Working with OpenStack storage: Tips on Cinder, Swift and the cloud
A comprehensive collection of articles, videos and more, hand-picked by our editors
Open source, software-based OpenStack Block Storage, also known by the code name Cinder, takes a different approach from the traditional block storage products that enterprise IT shops are intimately familiar with.
Ashish Nadkarni, a research director in the storage systems practice at Framingham, Mass.-based International Data Corp., likened OpenStack Block Storage to storage virtualization from vendors such as Hitachi Data Systems and IBM in its ability to provide an abstraction layer to integrate third-party arrays and pool storage resources, but in an open source format.
In this interview, Nadkarni also explained the provisioning model, hardware options and the role OpenStack Block Storage plays as part of the open source OpenStack cloud computing and management platform.
From a technology perspective, what are the main distinctions between OpenStack Block Storage and traditional block storage?
Ashish Nadkarni: Traditional storage has always been designed with integrated stack or unitary delivery mechanisms in mind.

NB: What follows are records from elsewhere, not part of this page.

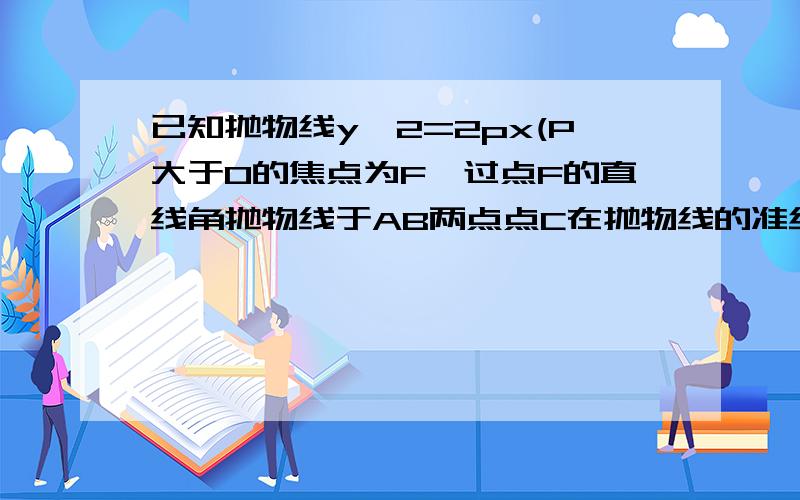 已知抛物线y^2=2px(P大于0的焦点为F,过点F的直线角抛物线于AB两点点C在抛物线的准线上,且BC平行X轴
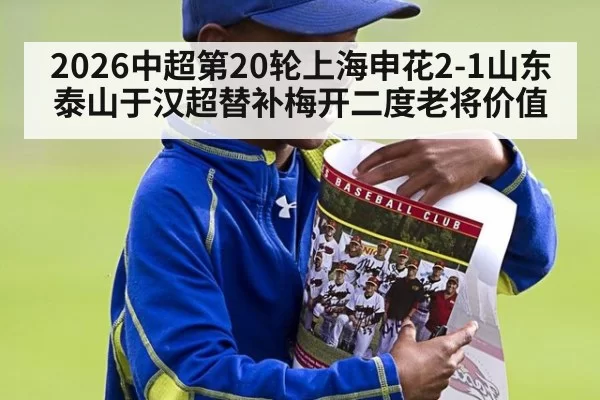2026中超第20轮上海申花2-1山东泰山于汉超替补梅开二度老将价值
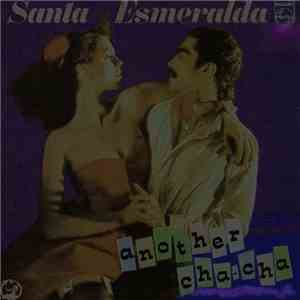 Santa Esmeralda Featuring Jimmy Goings - Another Cha-Cha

When you talk about traditional storage systems from NetApp, EMC or any of these players, everything you need to deliver persistent storage to the compute layer is within the stack or the platform that is provided by the vendor. You don't need to go outside of that vendor's platform to deliver any kind of storage services. Whether it is persistent storage in the form of disks, data resiliency in the form of RAID, data management, snapshots, clones and/or any data mobility functions, any and all functions that you need to get the most out of your storage platform are delivered from within the storage system itself.
In the case of OpenStack Block Storage, it has really been designed in a modular fashion to not just deliver storage using internal resources from a Linux server, but also to integrate external arrays from wherever they are and [to] deliver storage, in a federated fashion, to OpenStack Compute instances only. Today, the only instances that can access OpenStack Block Storage are the OpenStack Compute instances, meaning you need to have OpenStack Compute running on the server if you want to access OpenStack Cinder.

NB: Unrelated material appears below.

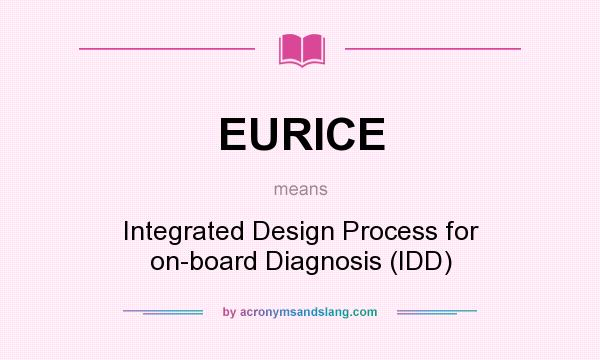What does EURICE mean? It stands for Integrated Design Process for on-board Diagnosis (IDD)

You can almost think about OpenStack Block Storage in the same manner as you would think about in-band Fibre Channel virtualization or storage virtualization products from IBM, Hitachi Data Systems, FalconStor and DataCore. All of these in-band Fibre Channel virtualization solutions function in a northbound-southbound manner. In the northbound manner, they essentially act as a unified presentation layer to the server. Any compute instance that can access storage through Fibre Channel can access this virtualization layer, which is essentially an abstraction layer, and see storage in a sort of a federated fashion. On the southbound side, they essentially pool their storage from one or more persistent storage platforms and create virtualized pools of storage that are then used to provide the northbound data services. So all of the data services are built within the actual virtualization platform itself. However, those data services are also federated across all of the storage platforms that they are drawing their actual persistent storage from.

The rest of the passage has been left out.